Friday, Nov. 20, 1964

Three for the Seesaw

Luv, by Murray Schisgal. Three morose souls are raining laughs all over Broadway's Booth Theater. They suffer all the fashionable ills and itches that modern mind and flesh have fallen heir to. They go through an inferno of cocktail-party griefs, a slapstick, tongue-wagging, satirical jaunt of crippling hilarity.

It all takes place on a suspension bridge, and the plot is a shoestring. A beatnik's beatnik, Harry Berlin (Alan Arkin), is poised for a suicidal leap. Up comes natty Milt Manville (Eli Wallach), who recognizes him as a onetime classmate at Poly-Arts U. They swap case histories. Harry tells a tale of existential woe that started when a fox terrier mistook his pant leg for a hydrant: "I was nauseous, sick to my soul, I became aware . . . aware of the whole rotten senseless stinking deal." Mimed in outrageously funny fashion by Alan Arkin, Harry is so sick that he goes momentarily rigid with paralysis and then turns deaf, blind and mute. Milt prates of the good things in life, but he, too, is gnawed by despair. "I'm more in love today than on the day I married--but my wife won't give me a divorce." It occurs to Milt that Harry might find a meaning in life by falling in love with Milt's wife, leaving Milt free to marry the girl he loves.

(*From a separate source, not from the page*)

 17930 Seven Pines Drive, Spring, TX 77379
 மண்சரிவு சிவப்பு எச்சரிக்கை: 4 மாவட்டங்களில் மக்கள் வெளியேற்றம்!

Ellen Manville (Anne Jackson) appears, and she not only has a case history but a graph to illustrate it. Vividly charted for each "seven-day period" over months and years, it shows how the number of Ellen and Milt's "sexual experiences" has plummeted. Ellen warms to Harry, even though he is a love-testing suitor who stomps on her foot, rips her dress to the waist and throws her mink coat in the river. Four months later, the trio is back at the bridge, sadder still, and at curtain's drop Harry is being chased by a very persistent fox terrier.

What Playwright Schisgal has done is to turn the theater of the absurd upside down. Absurdist plays customarily use laughter to evoke despair. Schisgal uses the histrionic pretentions of despair to provoke laughter. Immeasurable credit is due Director Mike Nichols for keeping the pace on the wing and inventing cleverly apposite bits of business. One dry jump and three wet ones are taken off the bridge, all with acrobatic finesse. The performances of Wallach, Jackson, and Arkin are models of comic acting, perfect in control and timing, flawless in witty inflection of the lines.

With the traditional conservatism of comedy, Schisgal shows that where human nature is concerned, change changes nothing. Like the classic writers of comedy, he is involved with human limits, not possibilities, and with the saving common sense that mocks self-pity and self-absorption. Unlike his characters, he refuses to keep a straight face before some of the pious obsessions of the contemporary world and stage--alienation, loss of identity, inability to communicate, homosexuality, existentialism, Freudianism, self-expression and the meaninglessness of it all. In Luv, he devastates these themes in a holocaust of laughter.